[30.03.2016] Subuh ini, salat-ku terasa lebih damai.
Sebabnya sederhana, hanya karena langgam bacaan imam-nya terasa akrab di
telinga. Bila subuh-subuh sebelumnya, yang jadi imam adalah anak muda yang
mungkin usianya lebih muda dariku, maka pada subuh kali ini, yang jadi imam
adalah seorang lelaki paruh baya dengan badan yang tambun.
Bila yang jadi imam adalah yang anak
muda, meskipun berganti orang –ada
beberapa anak muda yang tinggal di masjid, maka bias dipastikan langgam
bacaan salat-nya tak jauh beda dengan langgam yang digunakan imam Masjid
al-Haram di tanah suci Makkah.
Tapi subuh tadi berbeda, langgamnya
menggunakan gaya para imam kampung yang sering aku dengar semasa kecil hingga
remaja. Dengan cengkok yang dipengaruhi oleh logat berbahasa bugis, justru
membuat aku lebih damai menjalani salat subuhku.
Padahal dari segi fiqh, seharusnya aku
merasa damai bila anak muda yang jadi imam, karena bacaannya jauh dari keliru,
ayat-ayat yang dibaca lumayan panjang dengan panjang pendek yang pas. Bila imam
gaya kampong, makhrajal hurufnya belepotan, bacaannya pun seperti kumur-kumur.
Secara fisiologis, tubuhku bereaksi
negatif mendengar bacaan yang sangat fasih, mungkin ini efek pembelaan diri
atas ketidakmampuan melagukan al-Quran seperti itu pula. Ragaku lebih santai bila langgamnya ala
kampung Bugis, merasa berada di habitat yang lebih karib.
Dan sepertinya, apa yang aku alami juga
dialami oleh beberapa jamaah yang lain, meski dari dimensi yang berbeda.
Beberapa waktu yang lalu, ketika iqamat sudah dikumandangkan, imam sudah siap
takbir, tiba-tiba seorang jamaah yang sudah beruban, meninggalkan barisan dan
bergumam, “Imam kok tidak pakai songkok...”. Untung saja dia tidak mendirikan
jamaah sendiri, cuma pindah ke ujung shaf.
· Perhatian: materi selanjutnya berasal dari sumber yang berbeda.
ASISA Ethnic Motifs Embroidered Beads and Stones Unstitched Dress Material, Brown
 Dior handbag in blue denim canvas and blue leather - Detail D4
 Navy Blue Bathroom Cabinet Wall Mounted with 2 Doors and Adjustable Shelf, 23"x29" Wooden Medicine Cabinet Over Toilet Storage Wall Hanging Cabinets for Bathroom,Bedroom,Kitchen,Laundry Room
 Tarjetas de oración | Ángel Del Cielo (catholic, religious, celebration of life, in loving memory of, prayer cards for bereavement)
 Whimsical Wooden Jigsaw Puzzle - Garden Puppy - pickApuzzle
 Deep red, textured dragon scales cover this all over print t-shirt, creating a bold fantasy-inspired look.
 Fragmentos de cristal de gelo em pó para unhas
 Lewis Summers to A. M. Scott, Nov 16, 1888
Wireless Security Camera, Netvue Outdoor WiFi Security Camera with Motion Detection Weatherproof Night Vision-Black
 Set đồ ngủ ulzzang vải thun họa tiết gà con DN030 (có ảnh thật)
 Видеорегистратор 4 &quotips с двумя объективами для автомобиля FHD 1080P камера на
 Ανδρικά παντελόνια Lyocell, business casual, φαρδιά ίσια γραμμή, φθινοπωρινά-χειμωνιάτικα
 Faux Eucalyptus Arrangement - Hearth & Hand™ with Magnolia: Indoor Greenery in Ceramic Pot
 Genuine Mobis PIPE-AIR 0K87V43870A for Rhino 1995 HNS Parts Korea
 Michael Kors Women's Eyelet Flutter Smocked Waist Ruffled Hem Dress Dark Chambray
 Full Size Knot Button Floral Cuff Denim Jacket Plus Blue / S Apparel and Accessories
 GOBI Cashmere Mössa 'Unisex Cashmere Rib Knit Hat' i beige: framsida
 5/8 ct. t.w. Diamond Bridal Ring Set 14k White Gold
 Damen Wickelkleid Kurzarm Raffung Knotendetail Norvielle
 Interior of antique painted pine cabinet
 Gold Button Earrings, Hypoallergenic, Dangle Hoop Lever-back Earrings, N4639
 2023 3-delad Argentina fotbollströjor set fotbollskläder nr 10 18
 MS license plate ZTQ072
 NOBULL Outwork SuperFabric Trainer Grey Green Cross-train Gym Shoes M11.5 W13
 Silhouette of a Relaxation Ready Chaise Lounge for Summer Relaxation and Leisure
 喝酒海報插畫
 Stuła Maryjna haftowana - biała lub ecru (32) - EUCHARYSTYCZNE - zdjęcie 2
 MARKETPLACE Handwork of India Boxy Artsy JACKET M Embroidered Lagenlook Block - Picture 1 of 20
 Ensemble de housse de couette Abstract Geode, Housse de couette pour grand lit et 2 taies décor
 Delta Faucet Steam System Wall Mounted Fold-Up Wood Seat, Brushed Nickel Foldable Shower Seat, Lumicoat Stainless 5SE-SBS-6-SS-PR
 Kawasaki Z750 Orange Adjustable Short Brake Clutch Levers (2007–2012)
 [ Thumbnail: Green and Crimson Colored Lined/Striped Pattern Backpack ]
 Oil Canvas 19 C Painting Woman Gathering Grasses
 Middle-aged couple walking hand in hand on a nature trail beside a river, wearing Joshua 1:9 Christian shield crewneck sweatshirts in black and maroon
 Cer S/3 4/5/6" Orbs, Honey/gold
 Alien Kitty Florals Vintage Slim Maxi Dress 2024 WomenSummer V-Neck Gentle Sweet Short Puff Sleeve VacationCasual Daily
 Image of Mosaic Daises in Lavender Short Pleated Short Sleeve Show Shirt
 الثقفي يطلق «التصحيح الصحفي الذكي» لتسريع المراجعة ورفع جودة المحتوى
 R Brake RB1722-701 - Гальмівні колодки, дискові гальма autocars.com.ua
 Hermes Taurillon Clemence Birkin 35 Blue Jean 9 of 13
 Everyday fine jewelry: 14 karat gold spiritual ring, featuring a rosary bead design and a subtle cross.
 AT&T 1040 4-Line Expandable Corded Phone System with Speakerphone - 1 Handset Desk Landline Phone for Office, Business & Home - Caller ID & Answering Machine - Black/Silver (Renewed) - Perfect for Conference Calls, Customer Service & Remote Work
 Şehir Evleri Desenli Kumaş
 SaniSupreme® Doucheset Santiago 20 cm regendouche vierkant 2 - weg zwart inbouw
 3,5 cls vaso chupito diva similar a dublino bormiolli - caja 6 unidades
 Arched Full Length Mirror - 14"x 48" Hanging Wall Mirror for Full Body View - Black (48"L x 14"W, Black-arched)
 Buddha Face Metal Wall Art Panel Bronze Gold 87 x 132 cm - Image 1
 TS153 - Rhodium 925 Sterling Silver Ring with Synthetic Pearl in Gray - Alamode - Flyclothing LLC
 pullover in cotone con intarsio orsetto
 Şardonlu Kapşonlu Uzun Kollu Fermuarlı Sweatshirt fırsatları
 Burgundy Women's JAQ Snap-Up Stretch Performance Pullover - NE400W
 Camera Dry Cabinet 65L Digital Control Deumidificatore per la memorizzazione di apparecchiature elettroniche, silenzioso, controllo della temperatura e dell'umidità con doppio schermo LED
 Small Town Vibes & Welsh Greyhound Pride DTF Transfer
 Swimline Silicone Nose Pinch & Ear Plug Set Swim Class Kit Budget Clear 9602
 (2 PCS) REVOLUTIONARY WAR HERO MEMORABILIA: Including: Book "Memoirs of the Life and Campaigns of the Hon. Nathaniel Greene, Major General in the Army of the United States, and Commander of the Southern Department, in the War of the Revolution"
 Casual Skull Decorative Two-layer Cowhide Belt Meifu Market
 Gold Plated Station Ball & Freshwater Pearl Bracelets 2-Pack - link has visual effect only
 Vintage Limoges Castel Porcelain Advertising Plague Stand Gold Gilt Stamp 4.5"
Begitu salat magrib usai ditunaikan,
imam yang tidak pakai songkok tadi, berdiri untuk membacakan beberapa hadis
nabi tentang ahlak, anak muda itu menekankan soal kesahihan hadis yang
dibacanya. Beberapa jamaah seperti cacing kepanasan, gelisah entah kenapa.
Rupanya, keresahan atas tingkah para
imam muda itu menggumpal. Begitu jamaah bubar satu persatu, seorang jamaah
senior memanggil sang imam lalu menengur, “Kalau mau baca hadis, tunggu sampai
jamaah selesai berdoa! Terus itu lagi, kalau jadi imam, ya pakai songkok dong!”
Si Imam hanya terdiam.
Besoknya, tampilan si imam sudah lengkap dengan songkok, dan dia tak lagi
baca hadis seusai salam. Namun seusai doa-pun tak lagi ada pembacaan hadis,
apakah dia ngambek? Entahlah. Semoga saja tidak. Tadi subuh, bukan hanya tak
baca hadis, tapi dia memilih jadi makmum.
Kembali ke soal rasa damaiku karena mendengar bacaan imam yang langgamnya
akrab dengan masa kecilku, ini seperti sebentuk kerinduan pada masalalu, pada
asal, pada akar, seperti kerinduang seruling cinta Jalaluddin Rumi dalam
Matsnawi[1],
pada pohon pangkal semula.
Dengar
lagu seruling bambu menyampaikan kisah pilu perpisahan
Tuturnya,
“Sejak daku tercerai dari indukku rumpun bambu,
Ratapku
membuat lelaki dan wanita mengaduh.
Kuingin
sebuah dada koyak disebabkan perpisahan
Dengan
itu dapat kupaparkan kepiluan berahi cinta.
Setiap
orang yang berada jauh dari tempat asalnya
Akan
rindu untuk kembali dan bersatu semula dengan asalnya.
Ah sudahlah, tulisan apa pula ini yang melantur sedemikian lindur? Beranjak
dari soal bacaan imam di salat subuh dan berakhir di penggalan puisi Rumi? Ah, pikiran
kalut kian sengkarut, mengurai masai yang berburai.
Sumber ilustrasi: Rumah Sedekah
[1]
Terjemahan Abdul Hadi W. M.
Terjemahan ini didasarkan pada naskah tertua yang
diterbitkan oleh R. A. Nicholson beserta terjemahannya dalam bahasa Inggris.